711.45/4–248

Memorandum of Conversation, by the Acting Secretary of State (Lovett)

secret
Participants: Mr. Lovett
Sir Girja Shanker Bajpai, Secretary General of the Ministry of External Affairs and Commonwealth Relations, GOI
E. G. Mathews, SOA

Sir Girja called at 5:30 at his request. He said that he had come to the US as a member of the Indian Special Delegation to the SC in the Kashmir case. I asked how the Kashmir situation was developing. Sir Girja replied that in Kashmir itself the Indian military position had improved and with the coming spring, Indian troops, totalling only slightly more than a division, would be able to move more vigorously against a few remaining trouble spots. According to latest Indian military reports, tribal invaders still comprised about 60% of the opposing forces, the remaining 40% being indigenous insurgents.

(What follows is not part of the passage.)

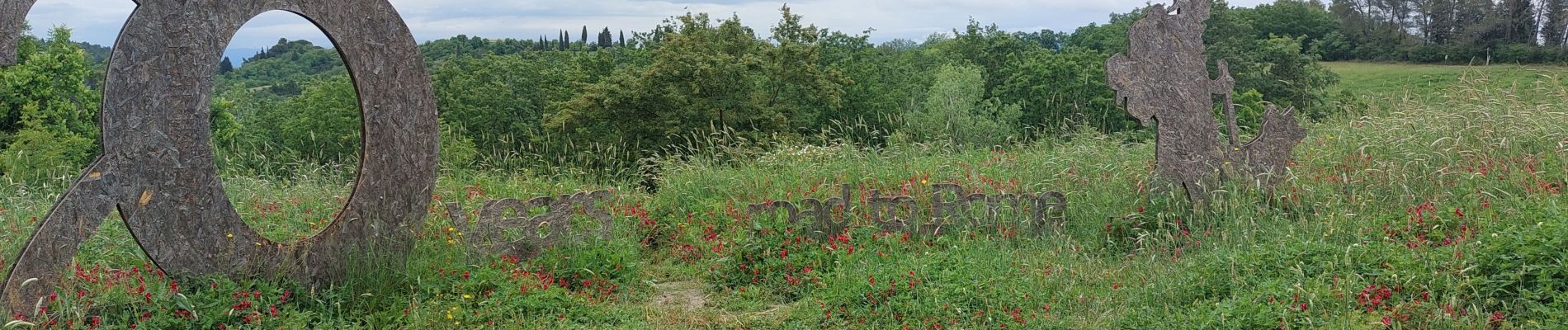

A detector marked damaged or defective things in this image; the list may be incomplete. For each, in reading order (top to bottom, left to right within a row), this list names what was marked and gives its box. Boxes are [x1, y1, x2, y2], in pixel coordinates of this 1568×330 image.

rusty metal sculpture [0, 0, 436, 315]
rusty metal sculpture [1103, 0, 1314, 200]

Turning to the SC aspect of the Kashmir situation, Sir Girja said that the fundamental differences between India and Pakistan related to the introduction of Pakistan troops into Kashmir and the composition of the interim government of the State. India could not accede to Pakistan’s demand that the latter’s troops move into Kashmir territory in order to keep the tribal invaders out. The plebiscite when held would result in a very close vote, and if India won, Pakistan forces might not withdraw and would almost certainly not effectively resist the re-entry of tribal elements. With respect to the interim government, Pakistan was insisting that Abdullah1 be removed as Prime Minister and that a coalition government be formed. Sir Girja felt that there was no one to replace Abdullah, and that a coalition of groups whose aims were completely divergent could only result in a paralysis of government and administration in the State.

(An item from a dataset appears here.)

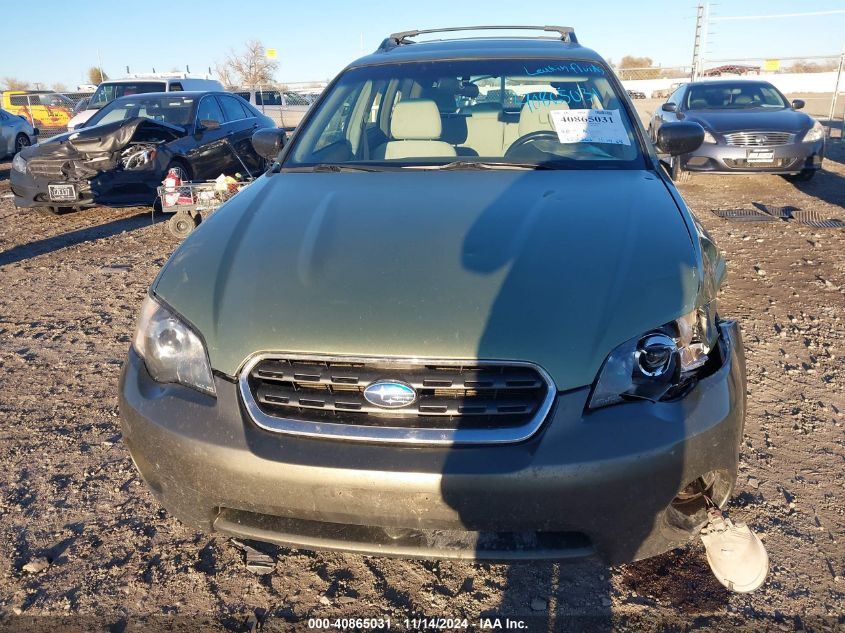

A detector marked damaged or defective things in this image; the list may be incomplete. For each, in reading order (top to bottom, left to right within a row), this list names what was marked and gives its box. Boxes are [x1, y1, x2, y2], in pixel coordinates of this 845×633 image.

damaged headlight [132, 296, 216, 396]
damaged headlight [588, 302, 720, 410]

Sir Girja then said that although he appreciated my interest, he had not intended to trouble me with the Kashmir problem. His real purpose in coming to Washington had been to explain to me and other US officials India’s position vis-à-vis the US and the USSR. He had the impression that there was a feeling in this country that India was [Page 507] somehow “in the Russian camp”. He wished to emphasize that this was not the case, as India had not rid itself of the British in order to accept domination from some other quarter. I commented that although irresponsible newspaper columnists might have speculated on the nature of India’s relations with the USSR, I was sure that there was in the US no informed opinion that India had aligned itself with the Russians. Sir Girja expressed his gratification at my statement and pointed out that two fundamental considerations prevented Indian adherence to the Soviet bloc. First, through its association with the British, unhappy as it had been in some aspects, India had acquired the ideals of democracy and individual liberty which were held by the US and other nations of the west. Second, India can expect no effective assistance from the USSR in its primary objective of developing and strengthening itself economically and militarily. In fact, the US is the only country which is in a position to aid India. I told Sir Girja that we were very grateful to receive his assurances of the friendly disposition of his Government.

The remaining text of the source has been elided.